Namun, annual review mustinya tidak sekedar memuat indikator keuangan belaka. Target versus pencapaian. Tapi seharusnya juga memuat laporan proses. Roma tidak dibangun dalam semalam, seharusnya selalu ingat adagium itu. Adakalanya ketidakberhasilan bukan karena kurangnya kinerja internal, tapi bisa disebabkan variabel eksternal. Penjualan menurun bisa disebabkan berkurangnya daya beli masyarakat dikarenakan naiknya harga-harga. Walau tentu harus ada buktinya agar tidak jadi dalih semata.
Annual review yang baik seharusnya memuat juga progress report. Jadi, bukan sekedar skala biner 0 dan 1, gagal atau berhasil. Jelaskan saja proses yang sudah dilakukan dan sejauh mana perkembangannya. Direksi yang baik, kompeten dan berpengetahuan luas tentu akan tahu hal ini. Mereka tidak sekedar asal menuntut hasil tanpa mau tahu apa-bagaimananya proses di lapangan.
Saya sendiri saat berposisi sebagai pimpinan, sangat memaklumi kekhasan ‘orang kita’. Dan saya berusaha mencari solusi untuk menutup kelemahan itu. Sayangnya, tak banyak orang kita yang ‘menyadari’ bahwa hasil kerja final bukanlah “karena hebatku” -mengutip syair lagu “Semua Karena Cinta”-, tapi karena kerja tim. Banyak saya dapati ‘orang kita’ gemar mengambil kredit atas kinerja orang lain. Bisa jadi, saat sekolah ia gemar mencontek bahkan mungkin skripsi/tugas akhirnya pun plagiat. Sementara saat menjadi bawahan, saya berupaya memberikan kontribusi terbaik agar tidak terlalu ‘merepotkan’ atasan. Namun, kerapkali saya kecewa karena kurang tercapainya target seolah hanya salah bawahan semata, tanpa ada upaya atasan memberikan penilaian yang adil.

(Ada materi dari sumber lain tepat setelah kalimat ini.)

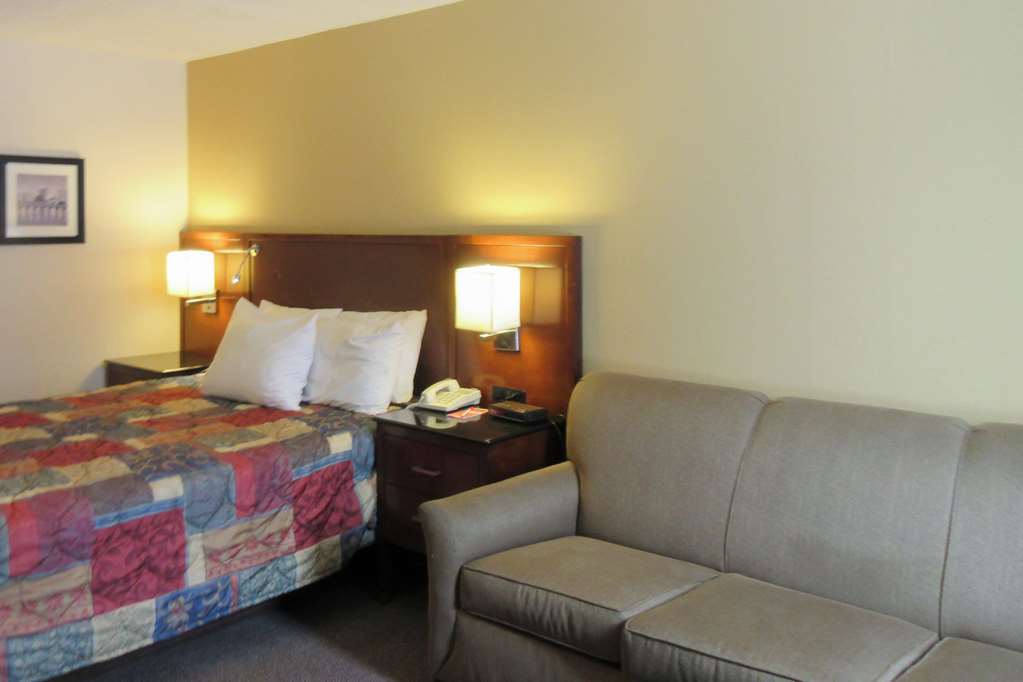 בריינרד Econo Lodge חדר תמונה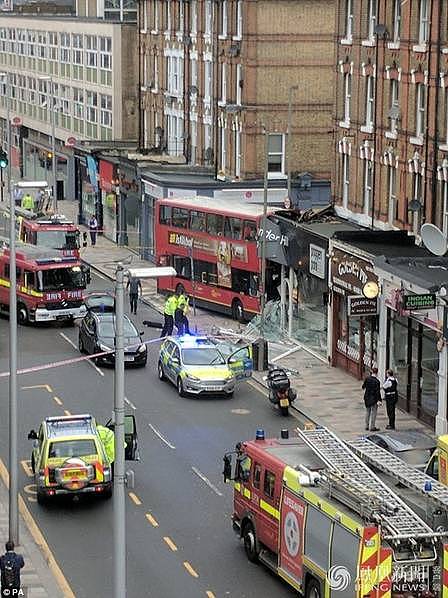 “死神降临”！伦敦一双层巴士冲撞商店 警方称有伤亡（组图） - 3
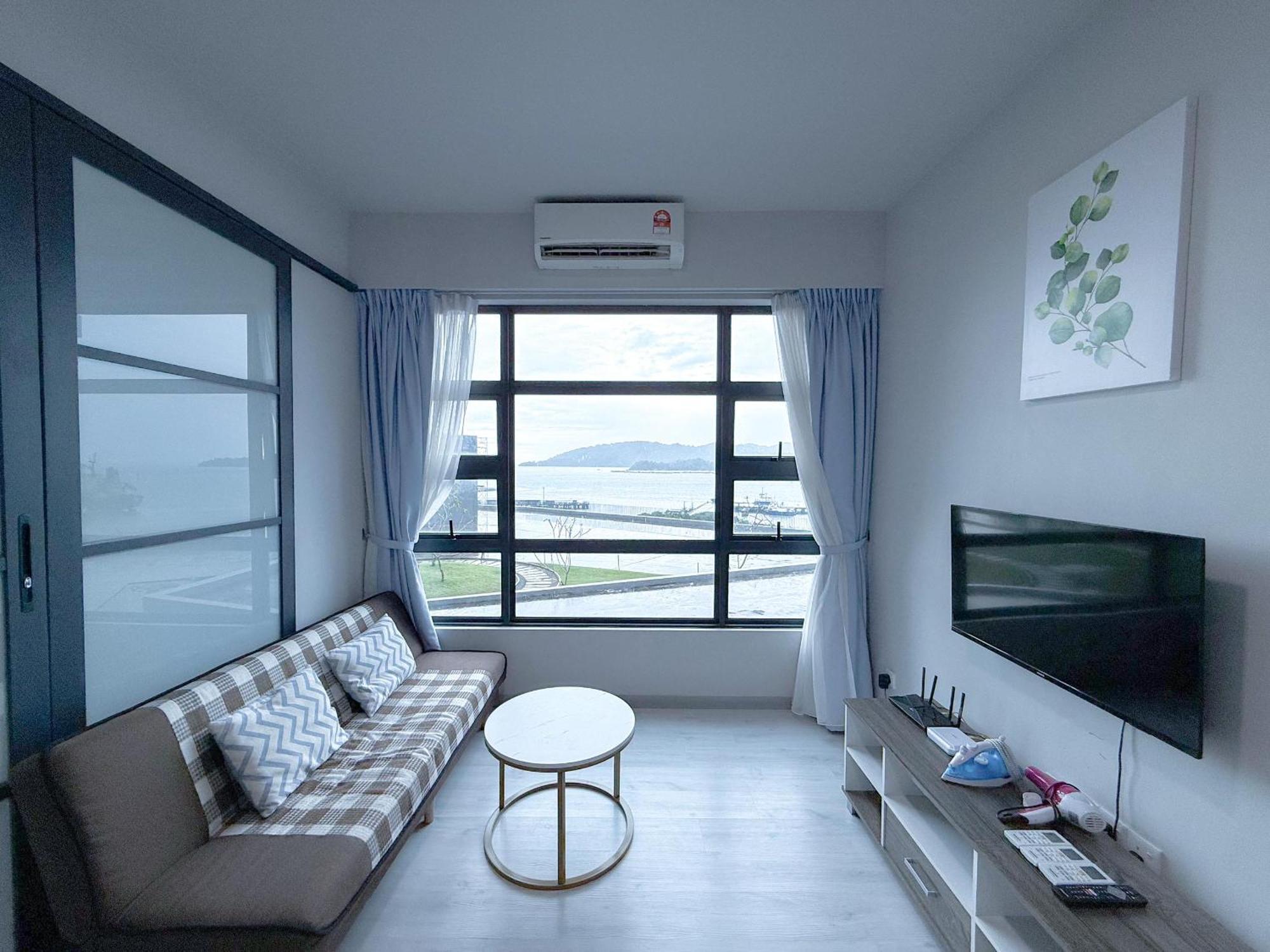 Vv Homestay Jesselton Quay Surla Sabah Mall Kk 亚庇贵赴行馆 Кота-Кинабалу Экстерьер фото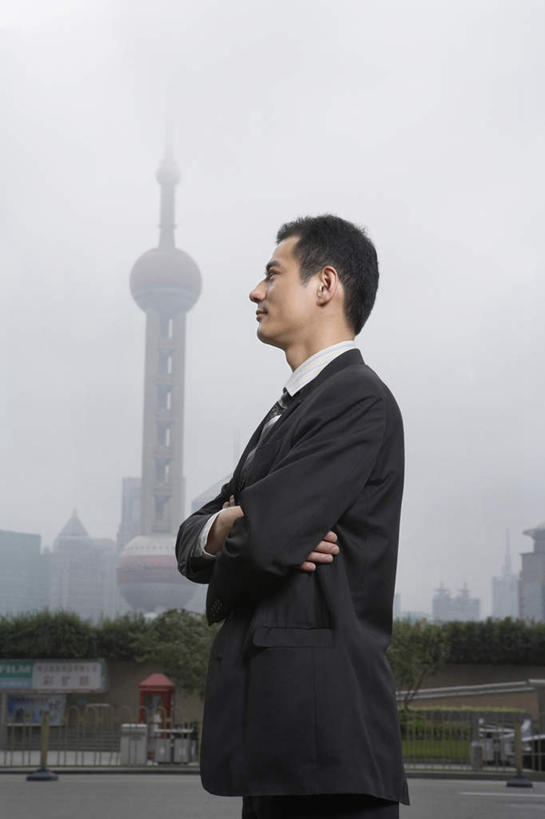 东方人,成年人,中年人,一个人,商务人士,商务男性,停车场,站,双手交叉,竖图,室外,白天,留白,侧面,衬衫,度假,商务,自由,成功,信心,竞争,建筑业,美景,天际线,雾,车库,城市风光,城市,街道,摩天大楼,鞋子,上海,亚洲,仅一个男性,仅一个人,仅一个中年男性,捆扎,准备,套装,正装,标志,瓷器,河岸,景观,云,古城,人行道,塔,注视,娱乐,刺激,外滩,观察,看,职业,享受,休闲,景色,放松,活力,力量,想,运输,生活方式,观看,展览,污染,察看,双手抱胸,都市风光,关注,清新,商务装,想象,工薪阶层,东亚,千禧穹顶,能力,男人,男性,中年男性,亚洲人,中国人,白领,上班族,半身,彩图,衬衣,泊车场,东方明珠塔,苦尽甘来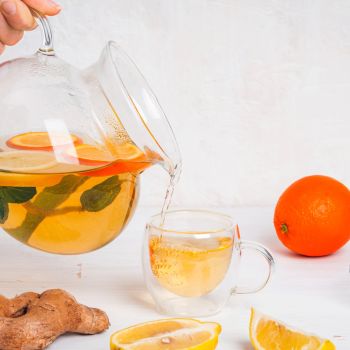 Τσάι με τζίντζερ, μέλι και φρέσκο πορτοκάλι
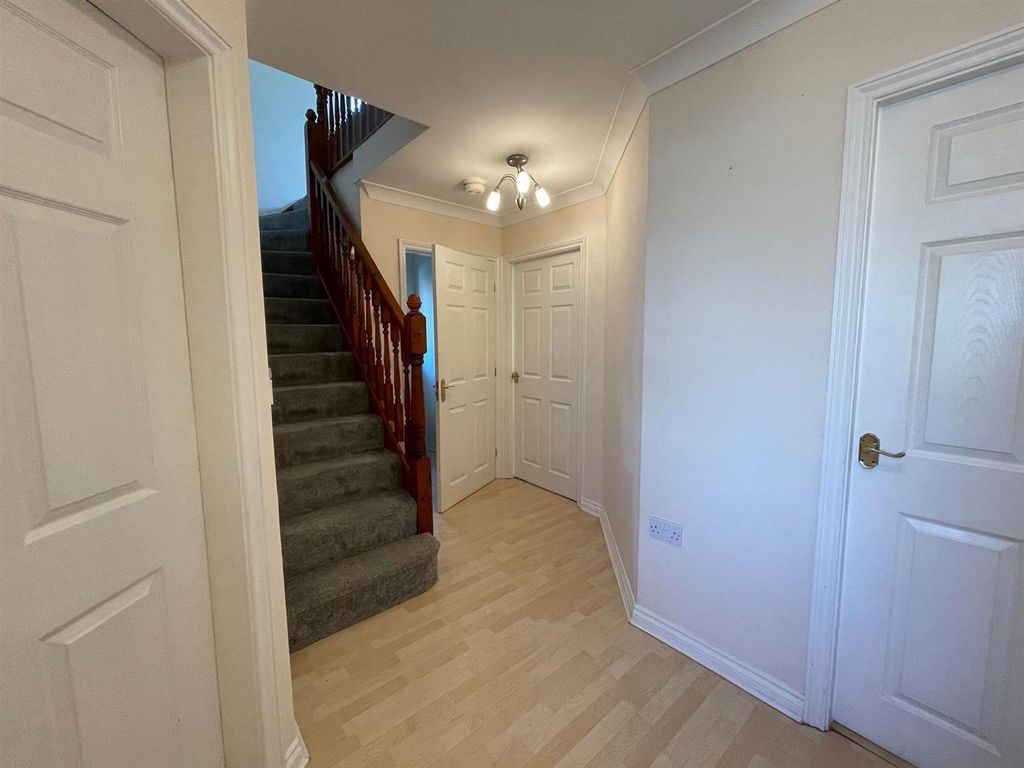 Property photo 2 of 26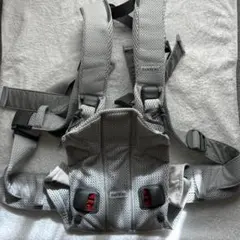 BABYAJORN ONE KAI AIRメッシュ　グレー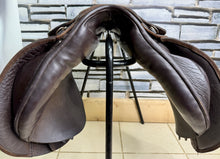 Load image into Gallery viewer, 17” MW English GP/Jump Saddle - Brown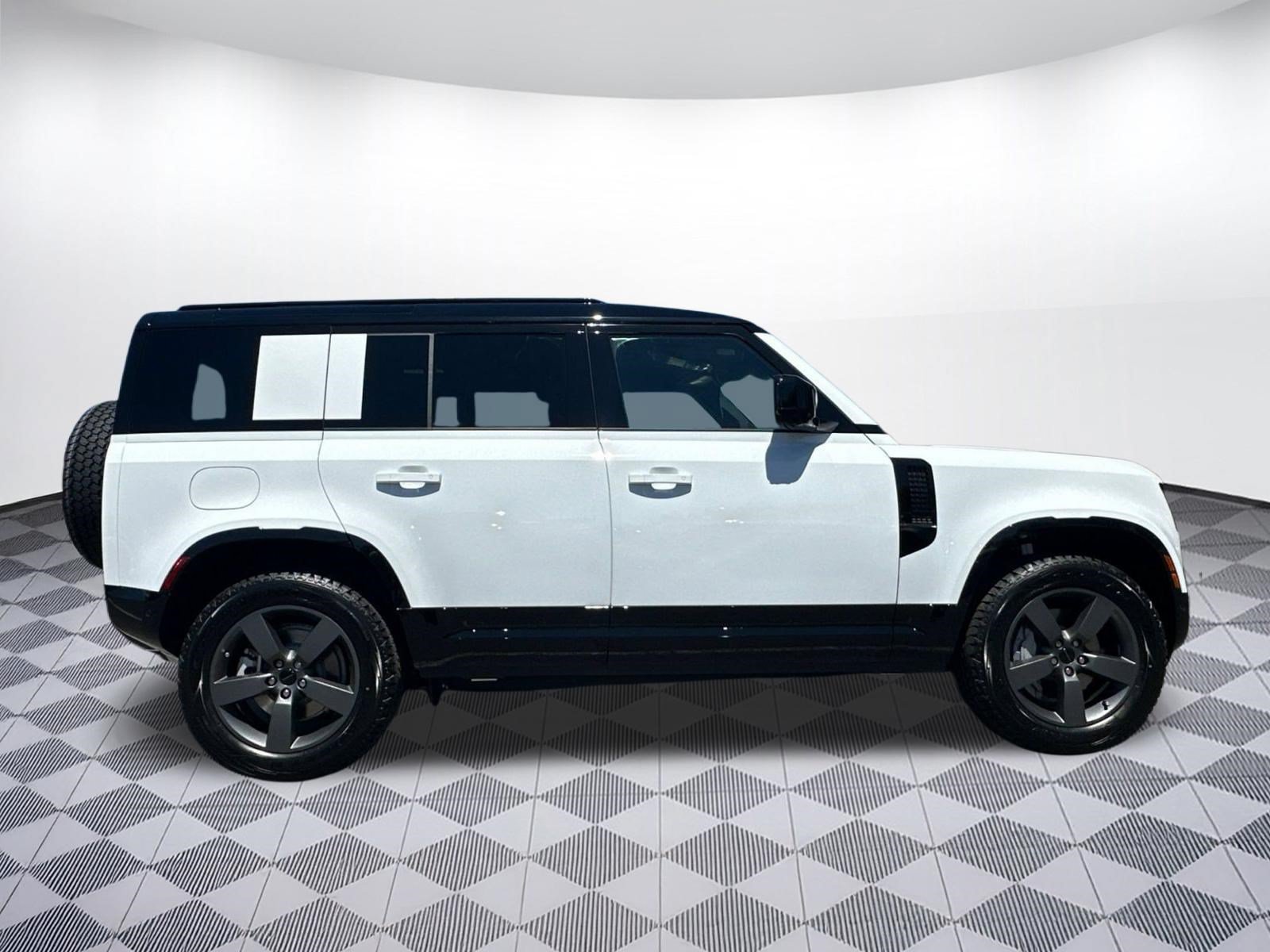 New 2026 Land Rover Defender 110 X-Dynamic SE AWD/4WD image 7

Untuk itulah di perusahaan besar dibuat parameter penilaian 360 derajat. Banyak metodenya. Sayangnya cukup mahal. Karena itu, hanya perusahaan berkocek tebal yang mampu membuat penilaian semacam ini. Dalam konteks annual review pun, biasanya dibuat untuk skala korporasi. UMK jarang yang mampu membuatnya secara benar. Padahal, ini penting agar perusahaan mampu mengevaluasi diri sekaligus mempersiapkan strategi untuk tahun berikutnya.